WHAT THE TASK ASKS: In the data below, find each line carrying the string "Capitulo" and copy it out.

Entries taken from a collection:

──────────

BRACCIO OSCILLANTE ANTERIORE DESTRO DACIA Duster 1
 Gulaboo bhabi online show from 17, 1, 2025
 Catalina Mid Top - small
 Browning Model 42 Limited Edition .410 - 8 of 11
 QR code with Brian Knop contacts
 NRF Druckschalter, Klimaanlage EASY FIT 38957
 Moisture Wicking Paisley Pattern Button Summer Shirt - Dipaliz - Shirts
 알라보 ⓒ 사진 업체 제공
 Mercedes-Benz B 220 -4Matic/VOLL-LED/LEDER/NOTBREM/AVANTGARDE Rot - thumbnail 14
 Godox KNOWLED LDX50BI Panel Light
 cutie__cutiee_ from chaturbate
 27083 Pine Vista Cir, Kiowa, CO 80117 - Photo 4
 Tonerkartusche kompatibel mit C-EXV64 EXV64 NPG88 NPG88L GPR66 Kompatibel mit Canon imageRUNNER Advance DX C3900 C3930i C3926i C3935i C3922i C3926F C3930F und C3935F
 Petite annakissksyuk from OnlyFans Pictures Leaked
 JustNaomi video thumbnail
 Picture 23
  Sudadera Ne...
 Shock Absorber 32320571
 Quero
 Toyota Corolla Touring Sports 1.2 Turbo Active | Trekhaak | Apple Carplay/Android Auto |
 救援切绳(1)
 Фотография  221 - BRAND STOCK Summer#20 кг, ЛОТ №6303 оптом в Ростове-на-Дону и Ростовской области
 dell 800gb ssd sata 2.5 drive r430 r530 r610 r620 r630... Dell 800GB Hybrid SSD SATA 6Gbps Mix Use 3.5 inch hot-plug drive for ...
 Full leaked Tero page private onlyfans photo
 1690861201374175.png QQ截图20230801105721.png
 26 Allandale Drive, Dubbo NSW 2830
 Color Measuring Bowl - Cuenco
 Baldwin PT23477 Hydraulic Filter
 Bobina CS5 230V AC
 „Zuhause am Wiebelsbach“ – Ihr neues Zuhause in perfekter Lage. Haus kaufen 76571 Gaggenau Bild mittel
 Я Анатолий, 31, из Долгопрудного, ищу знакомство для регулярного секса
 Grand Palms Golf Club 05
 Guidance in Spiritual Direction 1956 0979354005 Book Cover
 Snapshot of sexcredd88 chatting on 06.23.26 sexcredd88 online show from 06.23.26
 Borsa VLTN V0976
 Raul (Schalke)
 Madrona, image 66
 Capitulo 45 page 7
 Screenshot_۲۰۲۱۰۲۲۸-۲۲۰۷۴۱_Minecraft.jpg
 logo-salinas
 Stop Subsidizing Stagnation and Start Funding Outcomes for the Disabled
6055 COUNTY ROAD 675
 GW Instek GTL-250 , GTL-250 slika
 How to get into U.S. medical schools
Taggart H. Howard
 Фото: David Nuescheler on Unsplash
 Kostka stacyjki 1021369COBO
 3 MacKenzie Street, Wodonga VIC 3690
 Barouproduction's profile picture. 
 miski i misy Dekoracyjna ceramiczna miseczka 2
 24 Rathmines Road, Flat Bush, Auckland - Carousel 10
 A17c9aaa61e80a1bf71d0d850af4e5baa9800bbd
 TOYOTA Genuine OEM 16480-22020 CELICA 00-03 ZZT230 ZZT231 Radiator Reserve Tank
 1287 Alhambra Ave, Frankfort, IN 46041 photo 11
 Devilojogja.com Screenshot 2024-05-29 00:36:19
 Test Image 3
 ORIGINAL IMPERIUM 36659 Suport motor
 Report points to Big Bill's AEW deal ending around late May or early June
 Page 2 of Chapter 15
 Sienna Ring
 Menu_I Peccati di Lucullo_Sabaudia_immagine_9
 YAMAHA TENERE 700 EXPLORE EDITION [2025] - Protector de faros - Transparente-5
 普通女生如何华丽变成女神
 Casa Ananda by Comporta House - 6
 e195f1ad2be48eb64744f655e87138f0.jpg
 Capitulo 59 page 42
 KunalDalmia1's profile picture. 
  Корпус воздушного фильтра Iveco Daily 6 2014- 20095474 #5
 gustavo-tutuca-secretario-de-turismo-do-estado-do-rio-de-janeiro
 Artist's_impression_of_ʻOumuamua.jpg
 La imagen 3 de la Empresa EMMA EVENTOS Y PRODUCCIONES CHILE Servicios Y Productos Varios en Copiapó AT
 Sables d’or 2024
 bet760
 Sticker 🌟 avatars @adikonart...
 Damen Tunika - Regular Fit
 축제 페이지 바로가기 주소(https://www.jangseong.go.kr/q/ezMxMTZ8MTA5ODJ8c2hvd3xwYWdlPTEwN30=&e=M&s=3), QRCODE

──────────

WRITTEN RESPONSE:
 Capitulo 45 page 7
 Capitulo 59 page 42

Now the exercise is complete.